Starting at the first line of the data, print each line verbatim up to and including the line bearing "Well-maintained boat dock", omitting pictures.
*** Record extracts ***
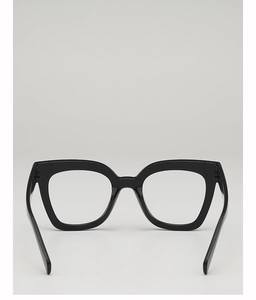 Detail of thick black square glasses frame showing the hinge and glossy finish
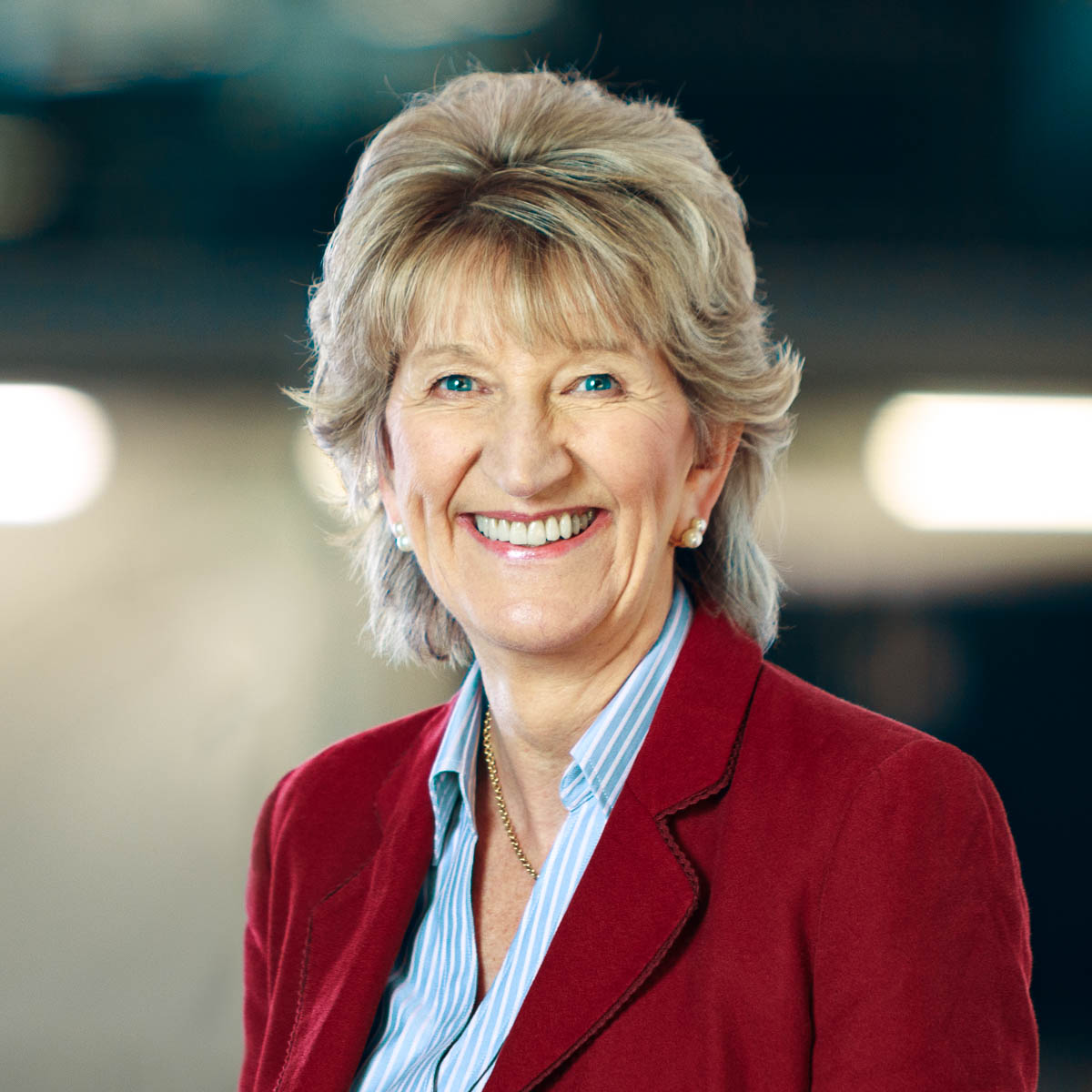 Mature business woman head and shoulders shot with office background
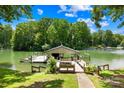 Well-maintained boat dock with a covered area and bench seating at 698 Normandy Rd, Mooresville, NC 28117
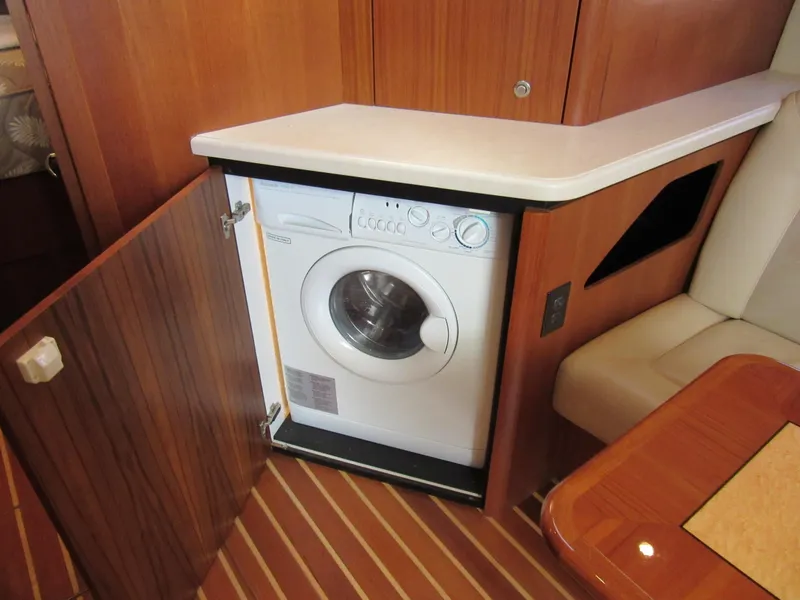 Slide: The Image of 2006 Tiara Yachts 4300 Sovran interior with built-in washing machine. - 13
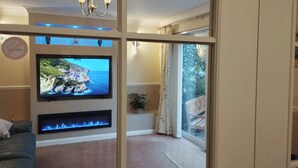 Un salon doté d’un téléviseur à écran plat fixé au mur, d’une cheminée en dessous et offrant une vue sur l’extérieur par une fenêtre.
*** End of Record extracts ***
Your solution ->
 Detail of thick black square glasses frame showing the hinge and glossy finish
 Mature business woman head and shoulders shot with office background
 Well-maintained boat dock with a covered area and bench seating at 698 Normandy Rd, Mooresville, NC 28117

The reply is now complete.